C'est là que l'on voit quelque chose de tout à fait merveilleux : Jésus ne leur reproche pas de s'être enfuis et d'être retournés à leur ancien commerce parce qu'ils pensaient qu'il était mort et que tout était donc fini. Au contraire, Il leur montre que leur ancien commerce n'est plus le leur et qu’il ne leur rapporte rien, puisqu'ils n'ont rien pris. Il leur demande de jeter à nouveau leurs filets sur son ordre, comme ils l'avaient fait au début de leur vocation, à l’endroit même où il leur dit de le faire. Ils doivent maintenant devenir des pêcheurs d'hommes. Jésus ne leur fait donc pas de reproches, mais il se révèle simplement à eux. Le filet plein est en quelque sorte un appel à rester avec lui.
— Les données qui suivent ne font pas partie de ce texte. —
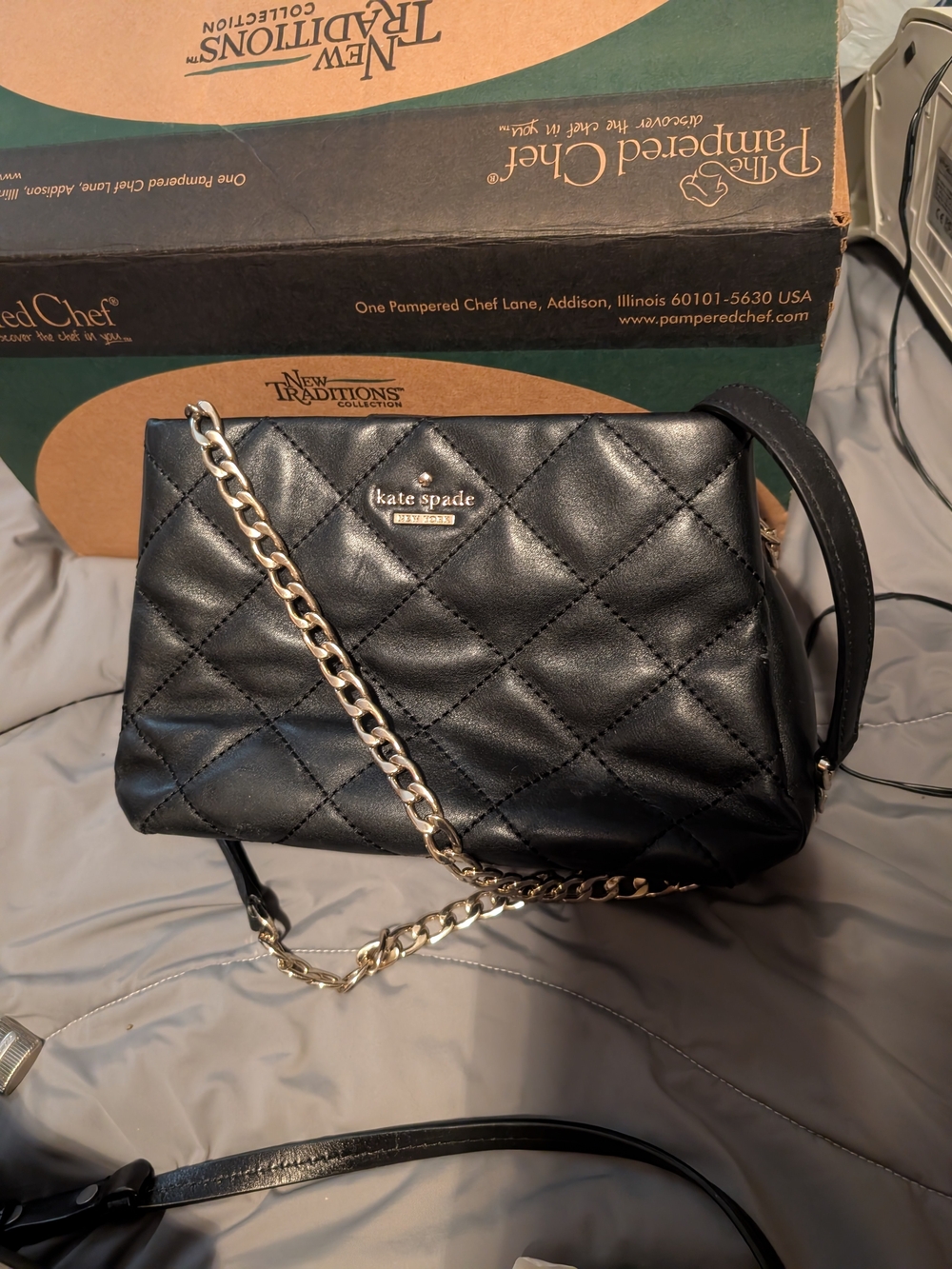 kate spade Black Quilted Crossbody Bag with Chain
« Alors, le disciple que Jésus aimait dit à Pierre : « C’est le Seigneur ! » Quand Simon-Pierre entendit que c’était le Seigneur, il passa un vêtement, car il n’avait rien sur lui, et il se jeta à l’eau. Les autres disciples arrivèrent en barque, traînant le filet plein de poissons ; la terre n’était qu’à une centaine de mètres. » (cf. verset 7-8)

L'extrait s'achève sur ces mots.